自1994年分税制改革和1998年住房制度改革以来,“土地财政”在我国财税体制中占有重要地位。土地出让金或者以土地为抵押的借贷资金成为地方政府基础设施建设的主要资金来源。在城市化过程中,房价与土地价格继续上涨,形成正反馈循环。这种严重依赖“土地财政”的财税体系是造成中国区域间土地供求错配和房地产价格“泡沫”的重要原因。十九大提出要建设现代化经济体系,这就需要构建现代化的财税体系与之相适应,“土地财政”不可持续已成为共识,但如何构建长效的财政收支调节机制仍是未决的问题。
金融监管
金融危机之后,西方国家开始反思原有的监管体系。在2009年4月2日召开的G20峰会上,G20的领导人也强调了加强金融监管的重要性。会议提出,全球应该建立一个更为稳健、更加协调一致的监管框架以适应未来的金融业,从而支持全球经济增长与更好地服务企业和个人的需求。危机以来,美国开始向综合监管方向进行改革,加强了美联储的权力,拓展了美联储统筹协调的职能;英国在原有的综合监管模式基础上,新增金融稳定委员会,加强国际监管的协调性;欧盟则将原欧盟层面的银行、证券和保险监管委员会联合升级为欧盟监管当局,由此形成统一的欧盟金融业监管。可以看出,危机之后全球监管思路正在朝着综合监管的方向转变。

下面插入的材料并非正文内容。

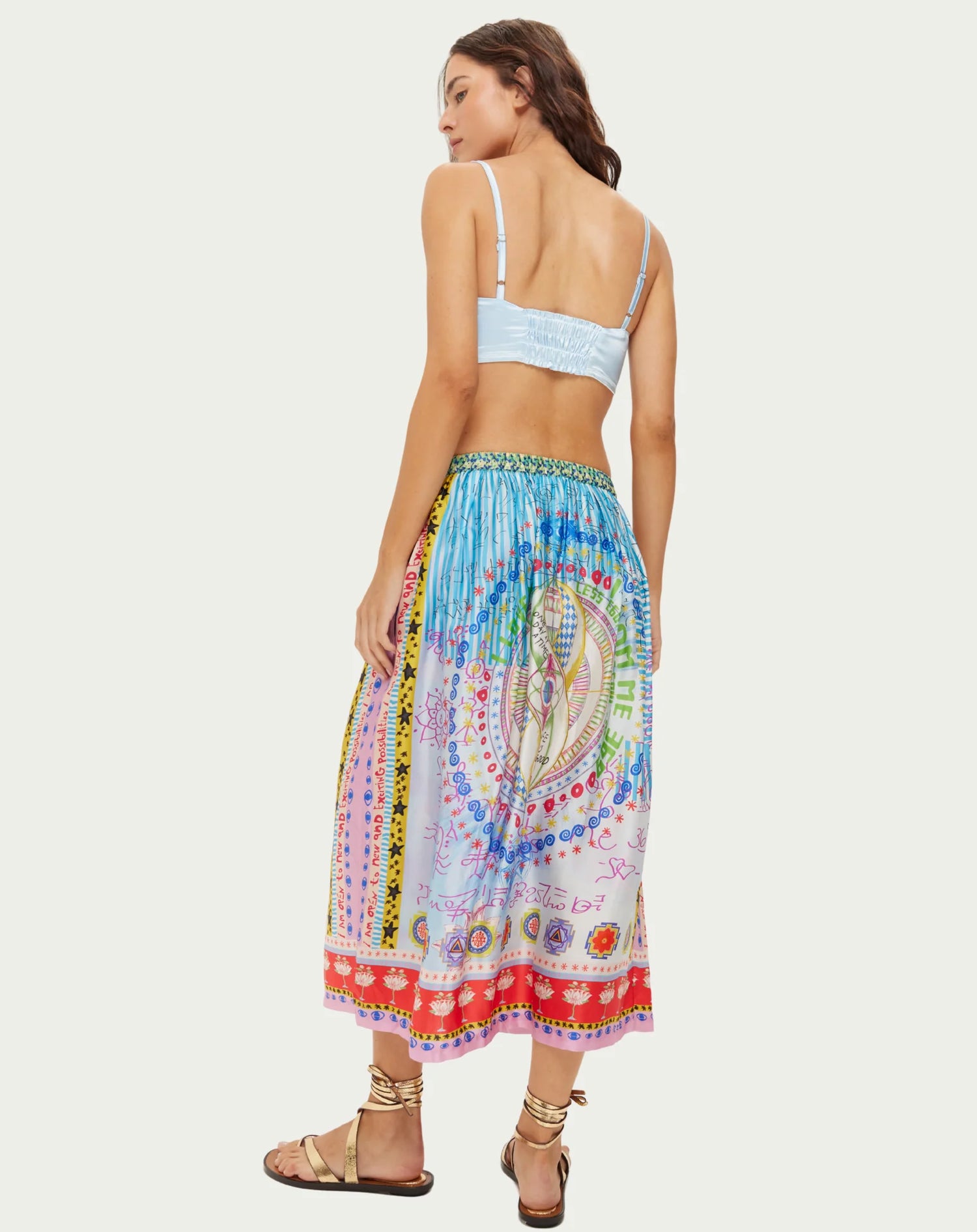 Jupe midi Vanessa aux sept symboles des chakras alignés verticalement dans des couleurs arc-en-ciel éclatantes. Des rayures turquoise en haut se fondent progressivement dans des teintes rose doux et lilas, ornées de mystérieux scripts runiques et de géométrie sacrée. La taille élastique froncée crée du volume et du mouvement fluide, tandis que des bordures mandala colorées en corail, orange, jaune et violet encadrent l'ourlet avec des détails pointillés décoratifs. Les motifs spiralés et symboles spirituels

微观审慎监管具有一定局限性,它能够在一定程度上防范同类风险再次发生,但是在金融创新频繁的今天,危机的类型是不可预测的。比如在本轮金融危机爆发以前,房地产抵押贷款和主权债务都被认为是无风险的,所以监管机构并没有要求金融机构提取缓冲储备,从而低估了系统性风险的程度。为此,在微观审慎监管的基础上要进一步加强宏观审慎管理,这一点已成为全球共识。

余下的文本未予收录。